Hogan’s exit is but a pit stop for the beleaguered toll way, whose short history should serve as a cautionary tale for states looking to save tax dollars by entering into risky partnerships with semi-private freeway developers. Built in 2003, the Parkway was funded through $30 million in loans from various North Metro counties, and the sale of $416 million in bonds from investors hoping for a quick return. The only problem was that once cars started hitting the pavement, the traffic projections on which the project was advertised proved to be wildly overstated.
In a 2001 traffic forecast, transportation consultant Vollmer Associates estimated that the Parkway would host more than 30,000 cars a day in 2004, and pull in $12 million dollars in fees. In reality, the toll road’s opening year saw about 7,500 vehicles a day which paid out a puny $6.3 million. Hogan, who moonlights as an at-large Aurora City Councilman, blamed everything from 9-11 to a slack in area residential development for the shortfall. Naysayers countered that the Parkway was a misconceived project from the outset, fashioned more for the highway and real estate industries than the needs of actual drivers.

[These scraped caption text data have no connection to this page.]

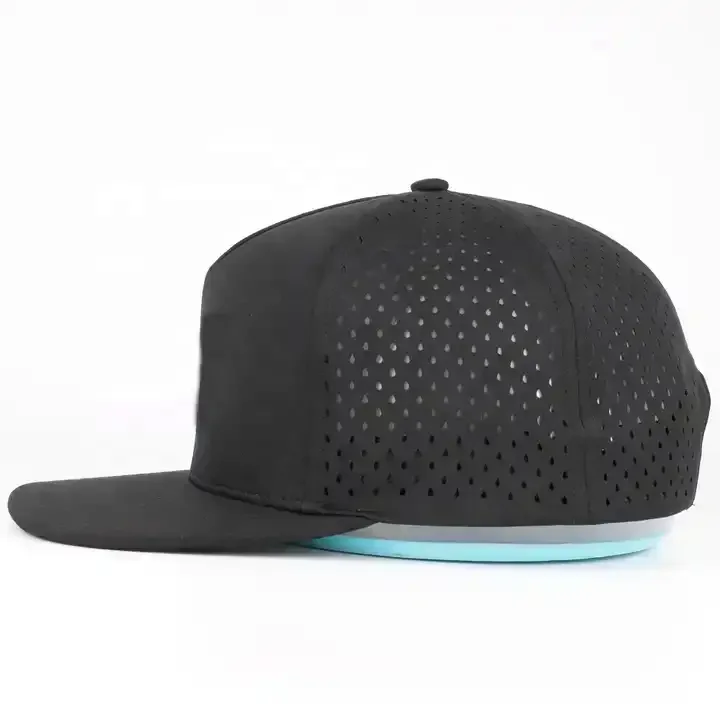 custom mens Laser Cut Hole Sweat Waterproof TPU 3D raised print printing Float 5 panel Golf snap back Snapback Caps Hats for men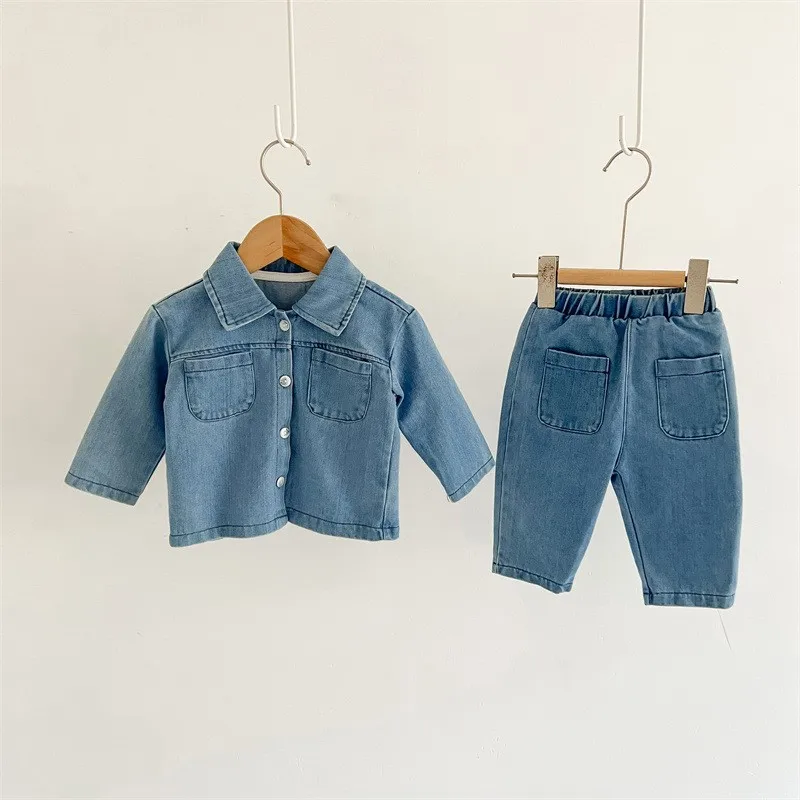 Fashion Baby Girl Boy Cotton Denim Clothes Set Shirt+Pant 2PCS Infant Toddler Child Jeans Suit Spring Autumn Baby Clothes 0-5Y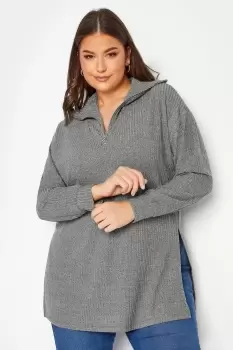 Ribbed Half Zip Jumper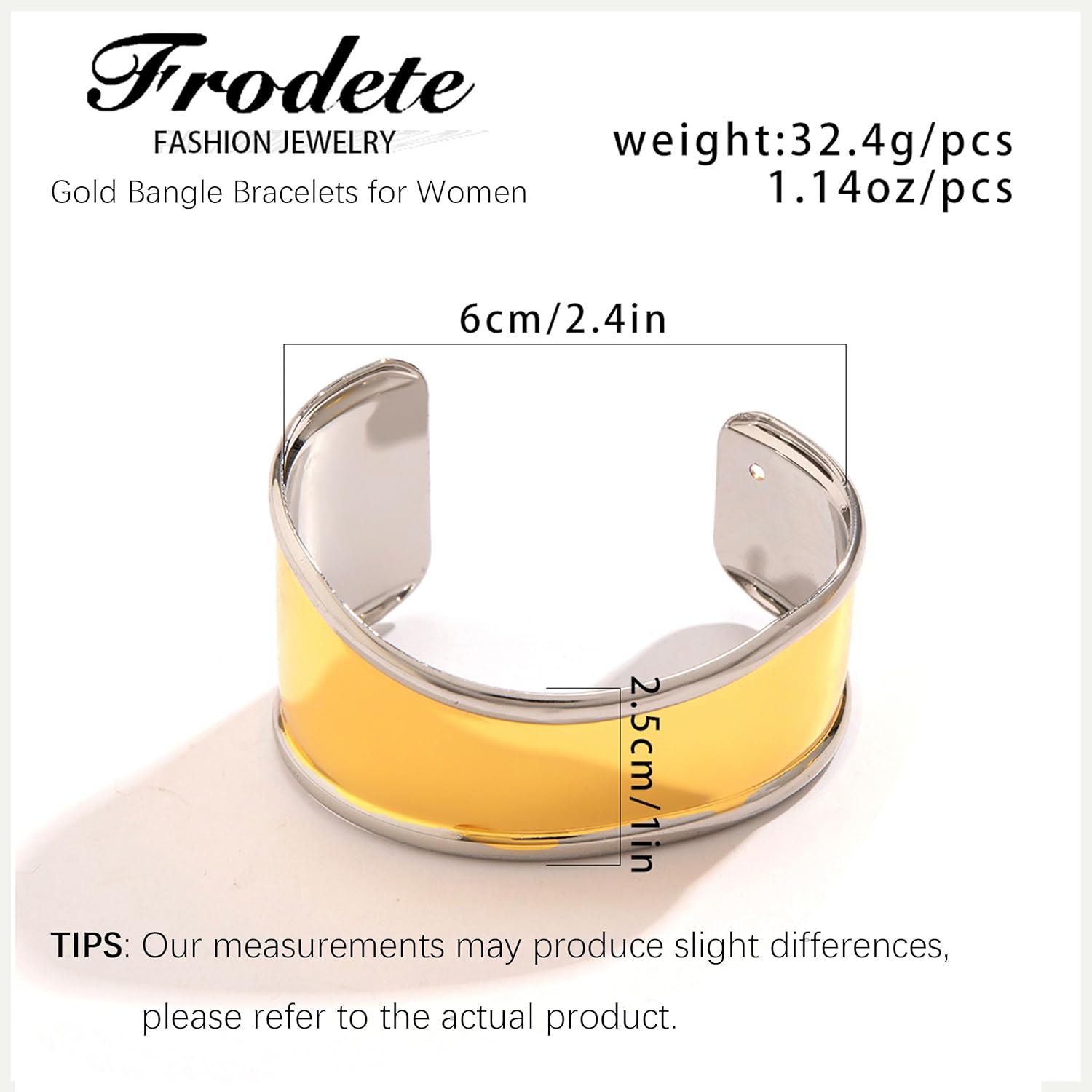 Frodete Gold Bangle Bracelets for Women Chunky Gold Bracelet Gold Cuff Bracelet Wide Gold Bangle Bracelet Hammered Open Wrist Cuff Bracelet Trendy Gold Jewelry - Image 6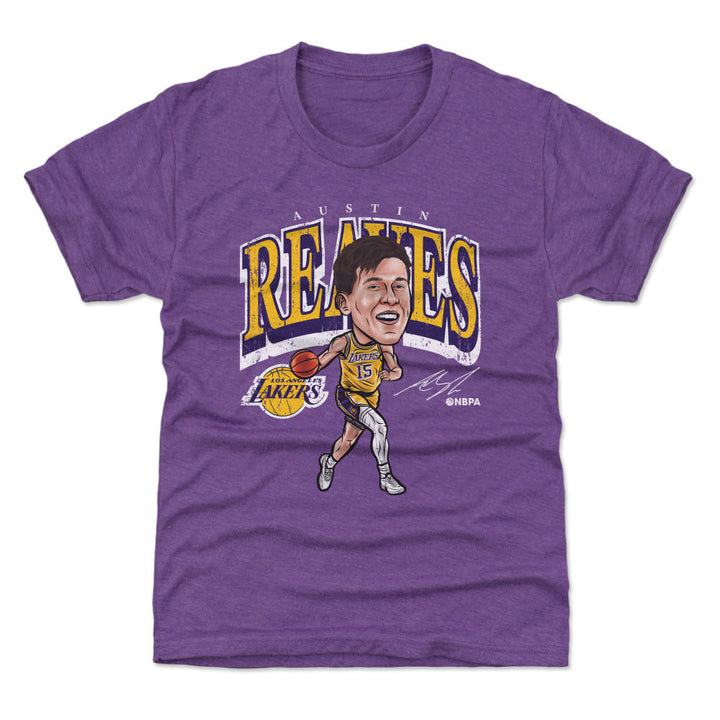 Austin Reaves Los Angeles Lakers Cartoon WHT - Lakers Store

The authority tried everything from increasing tolls to advertising the Parkway through radio and direct mail in hopes of raising traffic stats and income – but most months the Parkway transported less drivers than many Denver intersections, earning approximately $10 million dollars less than predicted in 2006. Last fall, after an attempt to restructure the $415 million debt fell through and the Parkway’s bonds had officially fallen to “junk” status, Hogan decided the only way to escape default was to put the toll-road up for lease.
The offers came like gridlock. "We literally got responses from around the world,'' Hogan told Business Week in a story about how transportation infrastructure has become the new, hot, international commodity for banks and private investment firms.
So this is how Brisa Auto-Estradas, of Lisbon, and Companhia de Concessoes Rodoviarias, of Sao Paolo, Brazil, became positioned to operate a small stretch of highway in the middle of the United States for the next 50 years. The deal is expected to be finalized this summer, with all of the authority’s employees reportedly getting severance packages – except for Hogan.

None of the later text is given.